For this exercise, retype the lines from the one that holds "Voluspa Maison Metallo" through the one that holds "Зеленый карандаш без фона" in the records below, both included, exactly and without pictures.

[[ SUPPLIED MATERIAL open ]]

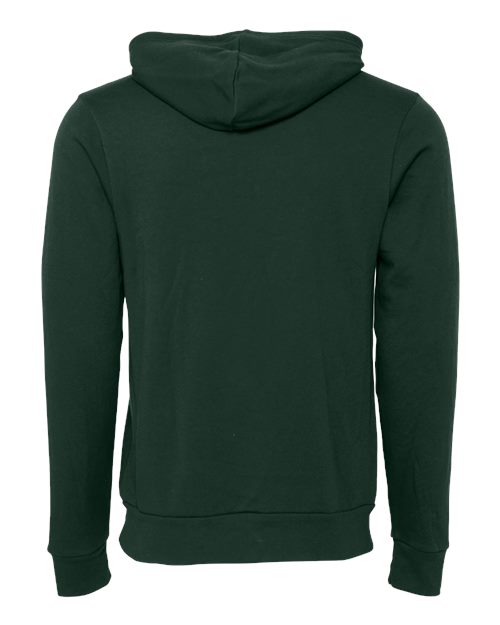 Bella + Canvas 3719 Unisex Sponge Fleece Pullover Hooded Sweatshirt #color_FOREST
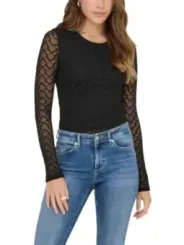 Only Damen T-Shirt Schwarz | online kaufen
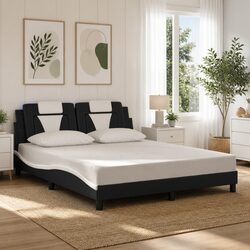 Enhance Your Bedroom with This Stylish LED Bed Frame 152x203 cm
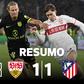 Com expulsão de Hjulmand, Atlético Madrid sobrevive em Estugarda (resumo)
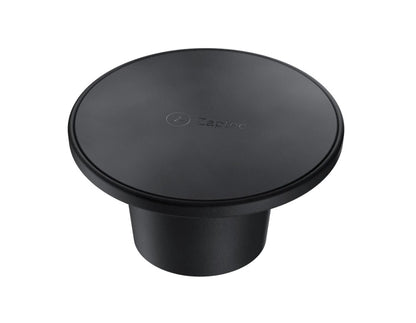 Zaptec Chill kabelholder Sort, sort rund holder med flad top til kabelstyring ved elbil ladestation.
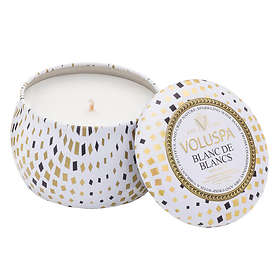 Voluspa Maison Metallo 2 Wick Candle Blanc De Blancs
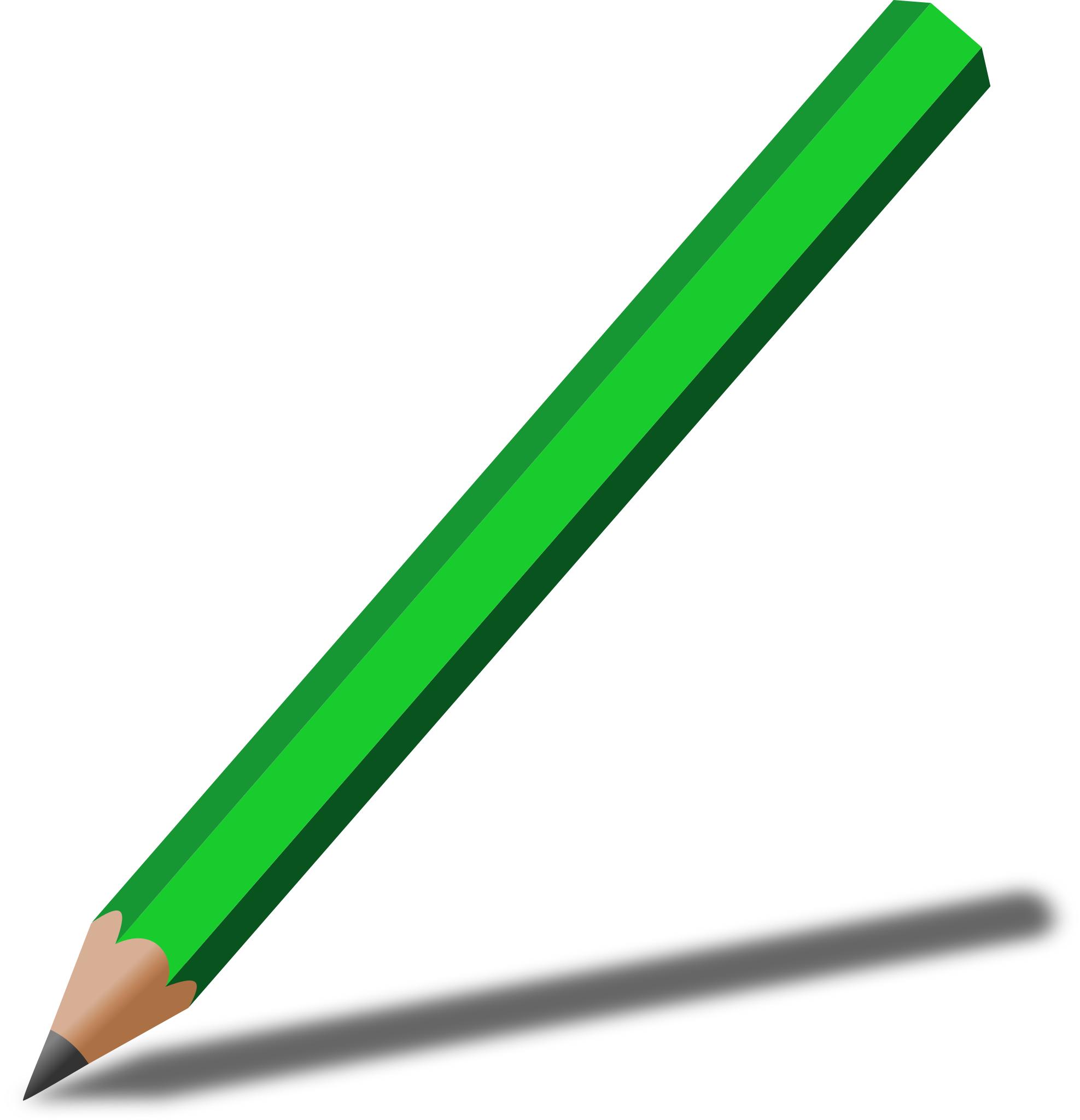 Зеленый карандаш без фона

[[ SUPPLIED MATERIAL closed ]]
[[ SUPPLIED MATERIAL open ]]

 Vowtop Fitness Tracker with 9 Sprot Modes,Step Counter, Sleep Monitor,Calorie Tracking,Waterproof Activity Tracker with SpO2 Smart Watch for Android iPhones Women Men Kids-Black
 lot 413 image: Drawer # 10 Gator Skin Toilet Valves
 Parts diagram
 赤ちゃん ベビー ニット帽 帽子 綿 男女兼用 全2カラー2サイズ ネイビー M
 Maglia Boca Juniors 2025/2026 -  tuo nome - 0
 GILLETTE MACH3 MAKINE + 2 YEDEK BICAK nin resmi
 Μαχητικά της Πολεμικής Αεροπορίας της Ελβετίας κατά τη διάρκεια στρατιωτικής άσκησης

[[ SUPPLIED MATERIAL closed ]]

* _SOLUTION_
 Voluspa Maison Metallo 2 Wick Candle Blanc De Blancs
 Зеленый карандаш без фона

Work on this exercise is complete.